Cette rencontre a réuni des responsables des institutions de régulation et de supervision, des dirigeants d’institutions financières ainsi que des partenaires techniques et financiers. L’objectif était d’examiner ces deux stratégies destinées à améliorer l’accès de la population aux services bancaires et aux transactions financières, notamment dans les banques, les institutions de microfinance et d’autres structures offrant des services financiers.
Des mécanismes pour améliorer l’accès aux services financiers
Ces stratégies mettent en évidence les mécanismes que le Burundi peut mettre en place afin d’établir les normes nécessaires pour faciliter les transactions financières de la population auprès des institutions financières.
Elles visent également à renforcer l’éducation financière afin d’aider les citoyens à mieux comprendre et utiliser les systèmes de paiement existants.
L’inclusion financière, un levier de croissance économique
Dans son discours d’ouverture de l’atelier, le Gouverneur de la Banque de la République du Burundi, Édouard Normand Bigendako, a souligné que l’inclusion financière et l’éducation financière constituent aujourd’hui des leviers essentiels pour stimuler la croissance économique et réduire la pauvreté.
Selon lui, permettre à toutes les catégories de la population, notamment les femmes, les jeunes et les communautés rurales, d’accéder à des services financiers fiables et adaptés constitue une condition indispensable pour un développement durable et inclusif, en cohérence avec les ambitions de la Vision du Burundi 2040-2060.
Le Gouverneur de la BRB a également insisté sur l’importance de l’éducation financière, qui permet aux citoyens de mieux comprendre les produits financiers, de prendre des décisions éclairées et de se protéger contre les risques. Il a réaffirmé l’engagement de la Banque centrale burundaise à jouer pleinement son rôle de catalyseur dans la promotion de l’inclusion financière.
Le FIDA réaffirme son soutien au Burundi
Dans son intervention, le représentant résident du FIDA au Burundi, Dagmawi Habte‑Selassie, a salué le leadership de la Banque de la République du Burundi dans l’élaboration de ces deux stratégies. Il a indiqué que leur adoption constitue une étape importante pour renforcer le cadre institutionnel et réglementaire de l’inclusion financière dans le pays.
Il a également souligné que l’inclusion financière représente un levier essentiel de transformation économique et sociale, en particulier pour les populations rurales. L’accès aux services financiers, notamment le crédit, l’épargne sécurisée, l’assurance et les paiements numériques, permettra aux ménages ruraux d’investir, d’innover et de mieux faire face aux chocs économiques et climatiques.

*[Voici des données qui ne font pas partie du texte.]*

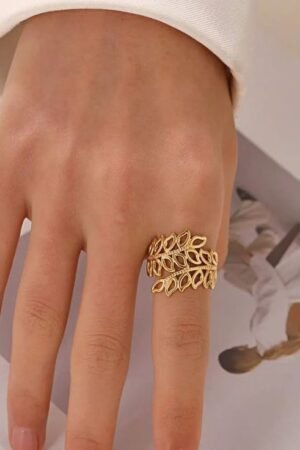 Gold Leaf Cluster Ring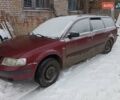 Красный Фольксваген Пассат, объемом двигателя 1.6 л и пробегом 345 тыс. км за 1000 $, фото 1 на Automoto.ua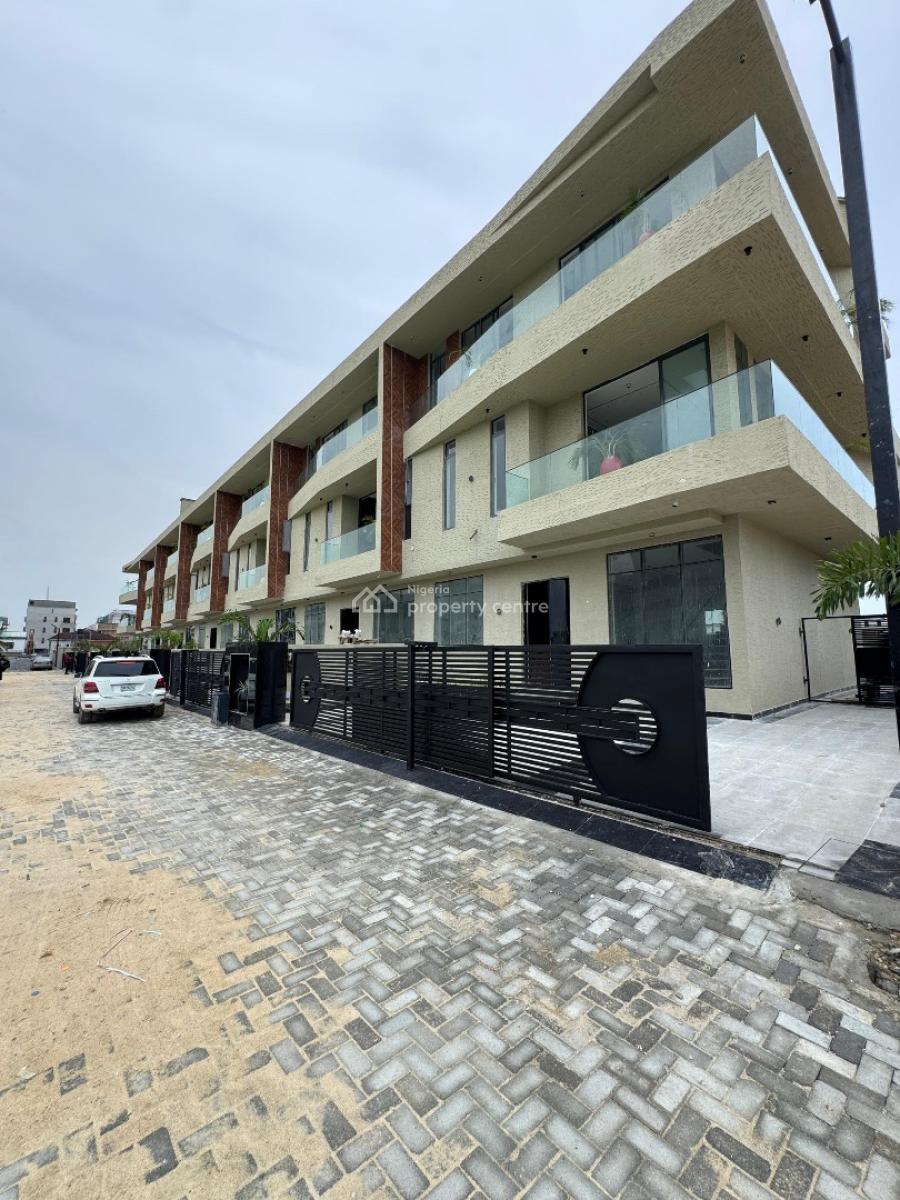 Well Finished 5 Bed Self Compound Terrace Duplex + Bq, Lekki Phase 1, Lekki, Lagos, Terraced Duplex for Sale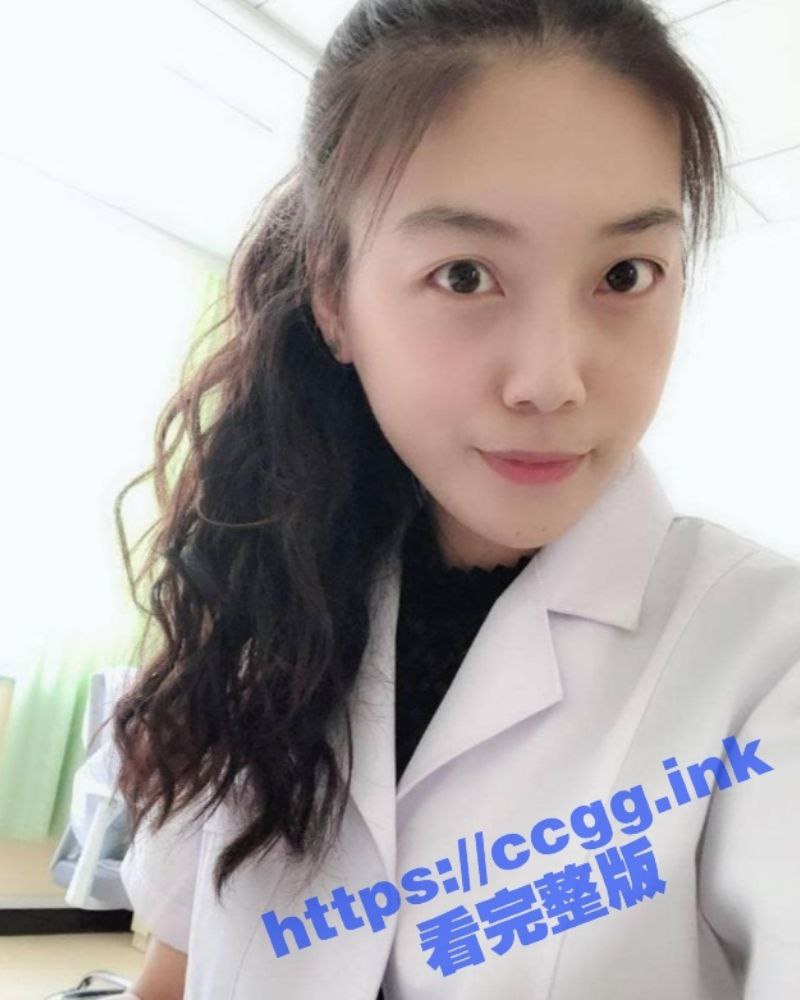 南京博韵口腔医生【赵敏】很骚的反差婊 老公不在家 天天带炮友回家偷情 口活不错！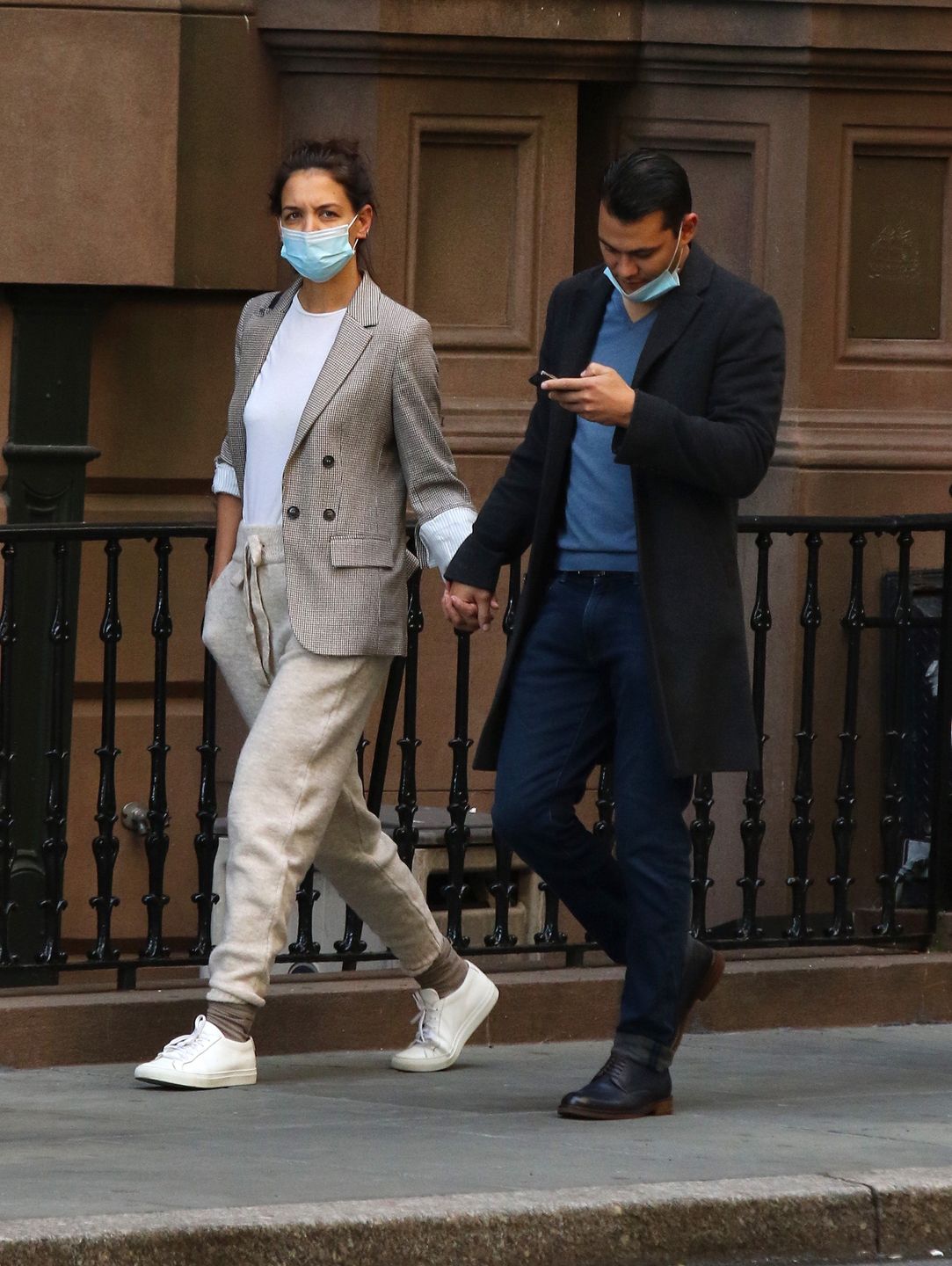 Katie Holmes spaceruje z nowym ukochanym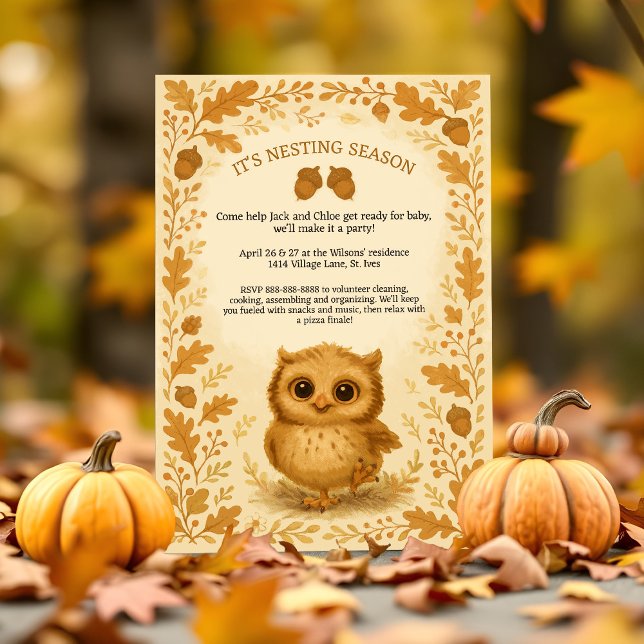 Invitation Adorable automne de la fête de nidification Whimsi (Whimsical fall baby shower invite with cute owl, rustic woodland charm, and autumn foliage.)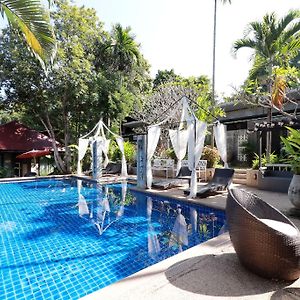 Capital O 464 At Nata Chiangmai Chic Jungle Hotel Mae Rim Exterior photo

Le représentant du FIDA a par ailleurs réaffirmé l’engagement de son institution à accompagner le Gouvernement du Burundi dans la mise en œuvre de ces stratégies.
Une progression notable de l’épargne et des services financiers digitaux
De son côté, Nduwimana Libère, Directeur des systèmes de paiement à la Banque de la République du Burundi et Président du Comité de pilotage de ces stratégies, a indiqué que ces réformes contribueront à accélérer le développement du pays.
Selon lui, elles permettront de rapprocher les services bancaires des citoyens, où qu’ils se trouvent, et de rendre les transactions financières plus rapides et plus accessibles.
Il s’est également félicité de l’évolution de la culture d’épargne dans les institutions financières du pays. Le taux d’épargne dans les banques est ainsi passé de 12,5 % en 2012 à 78,7 % aujourd’hui.
Par ailleurs, il a indiqué que la population recourt de plus en plus aux transferts d’argent via les technologies numériques, illustrant la progression de l’utilisation des services financiers digitaux au Burundi.